**TASK OBJECTIVE**
Below this line are records; write out exactly the lines from the one containing "Bohemia: Somewhere between" through the one containing "Bayern novog golmana ponovo našao u Schalkeu", with the pictures left out.

**MATERIAL TO PROCESS**
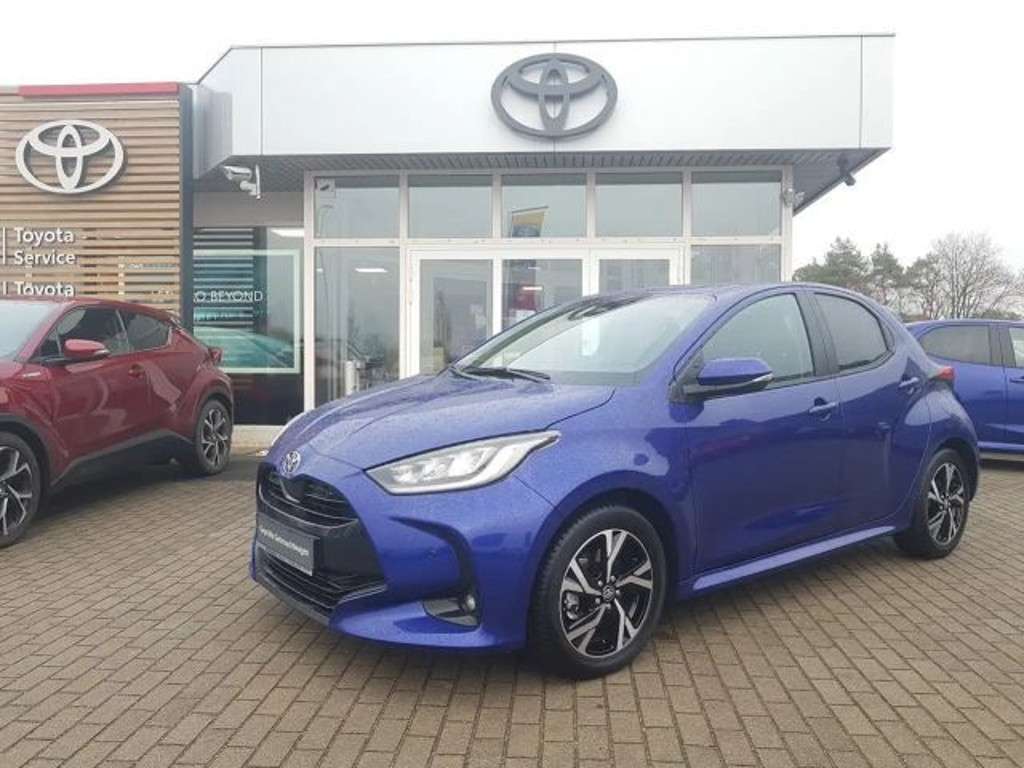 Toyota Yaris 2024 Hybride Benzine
* * *
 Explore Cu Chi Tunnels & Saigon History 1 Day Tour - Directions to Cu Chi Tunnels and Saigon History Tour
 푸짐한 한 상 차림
* * *
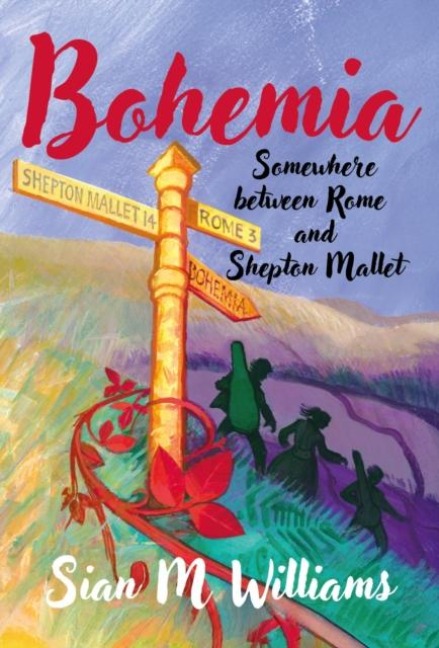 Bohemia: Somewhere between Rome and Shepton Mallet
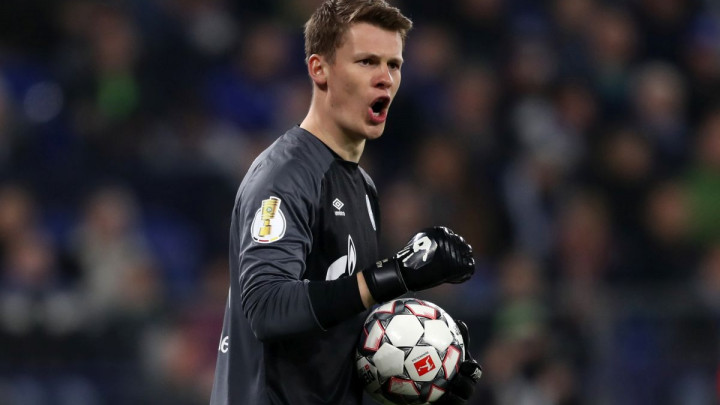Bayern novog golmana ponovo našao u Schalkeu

**RESULT OF THE EXERCISE**
 Bohemia: Somewhere between Rome and Shepton Mallet
Bayern novog golmana ponovo našao u Schalkeu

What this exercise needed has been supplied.